> WHAT IS BEING ASKED: Working from the data below, write out exactly the lines from its first through the line that contains "Picture of De", both ends included and pictures omitted.

> DATA SUPPLIED:
╭──
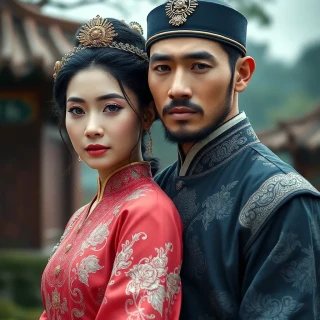 chinese prince with princess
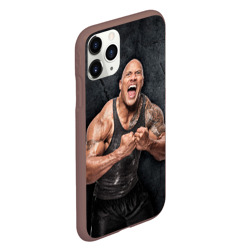 Чехол для iPhone 11 Pro матовый Dwayne Douglas Johnson - фото 2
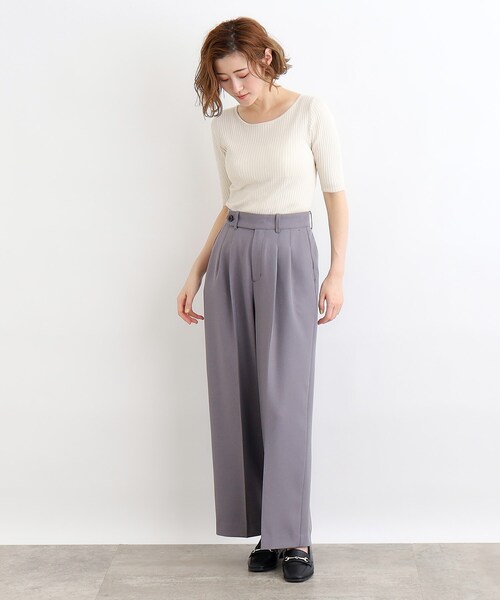 grove（グローブ）の「◆【前後2WAY】ラメプルオーバーニット（ニット/セーター・レディース・オフホワイト/ブラック/ダークブラウン・02/03/01）」の17枚目の写真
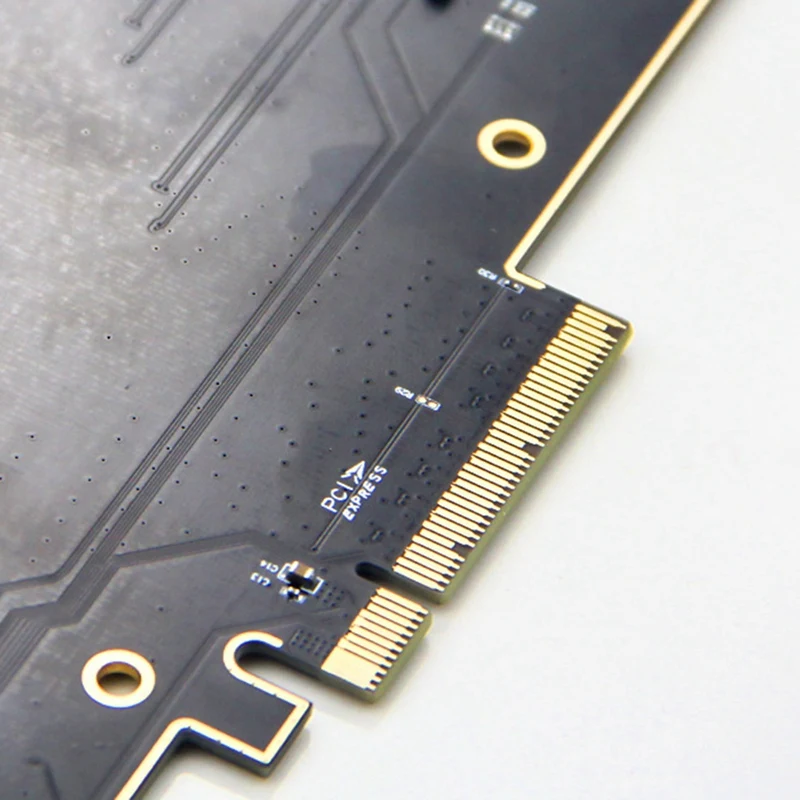 การ์ด PCIe Riser ถึง U.2 M.2 Nvme SSD 3.0 SFF-8639 อะแดปเตอร์ขยาย X99 PCI-Express สําหรับ BTC Miner เพิ่มการ์ด Mining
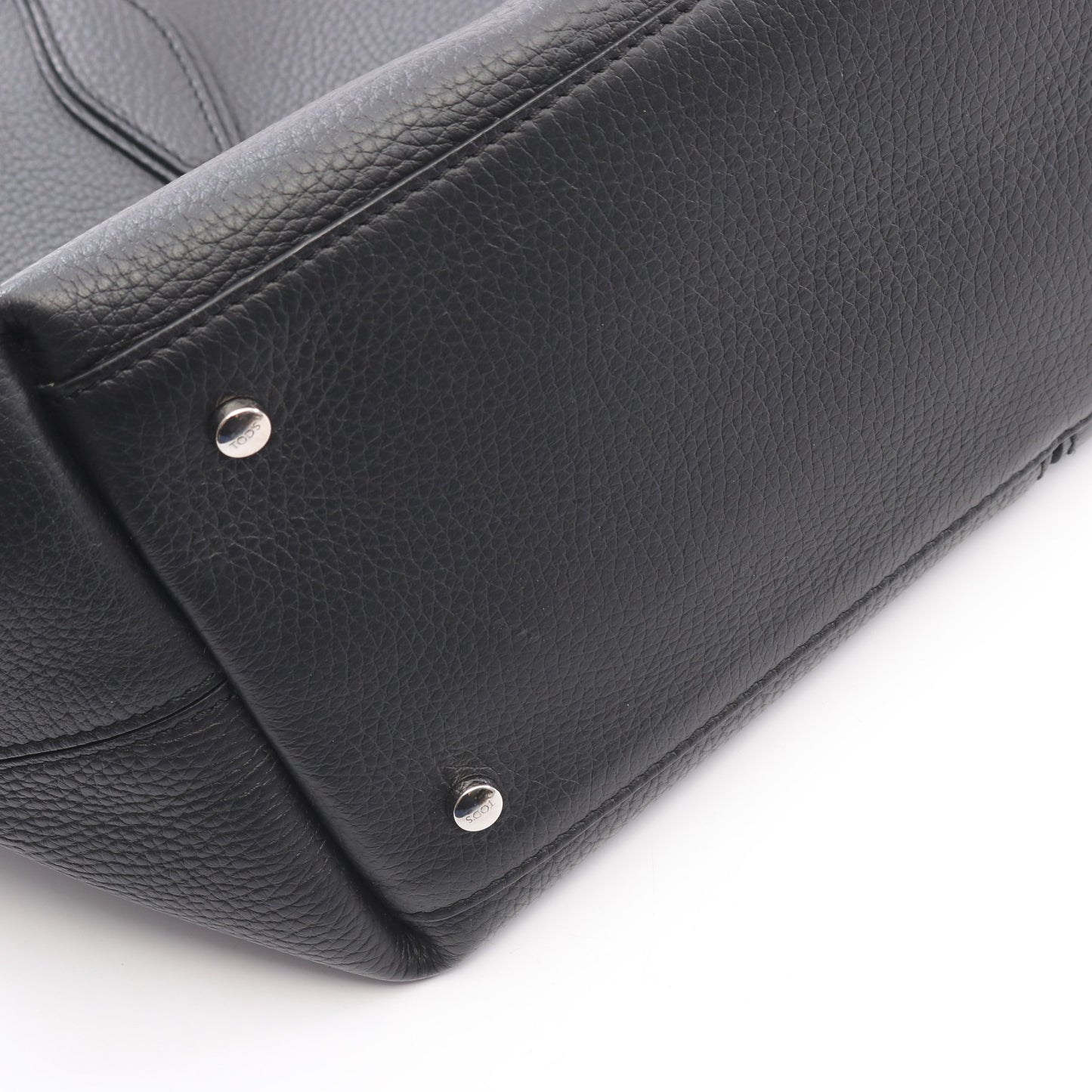 ANQ ショルダーバッグ トートバッグ レザー ブラック トッズ バッグ TOD'S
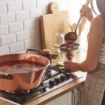 Picture of De Buyer Copper Conical Jam Pan 38cm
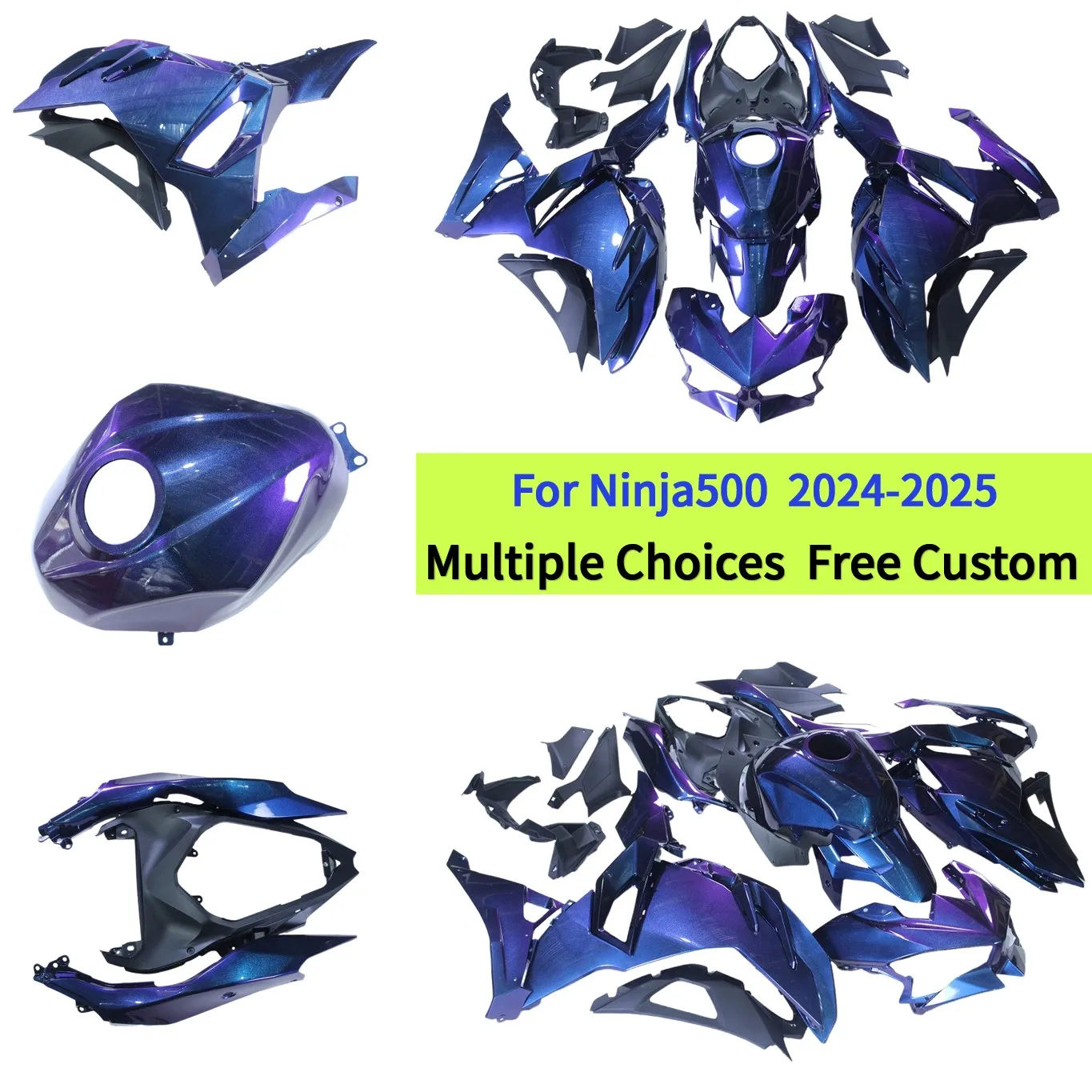 Chameleon Bodykits For Kawasaki Ninja 500 2024 2025 Fairing Kit ABS Injection Full Motorcycle Bodywork EX 500 24 25
Chameleon Bodykits For Kawasaki Ninja 500 2024 2025 Fairing Kit ABS Injection Full Motorcycle Bodywork EX 500 24 25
╰──
> SOLUTION FOR THIS PROBLEM:
 chinese prince with princess
 Чехол для iPhone 11 Pro матовый Dwayne Douglas Johnson - фото 2
 grove（グローブ）の「◆【前後2WAY】ラメプルオーバーニット（ニット/セーター・レディース・オフホワイト/ブラック/ダークブラウン・02/03/01）」の17枚目の写真
 การ์ด PCIe Riser ถึง U.2 M.2 Nvme SSD 3.0 SFF-8639 อะแดปเตอร์ขยาย X99 PCI-Express สําหรับ BTC Miner เพิ่มการ์ด Mining
 ANQ ショルダーバッグ トートバッグ レザー ブラック トッズ バッグ TOD'S
 Picture of De Buyer Copper Conical Jam Pan 38cm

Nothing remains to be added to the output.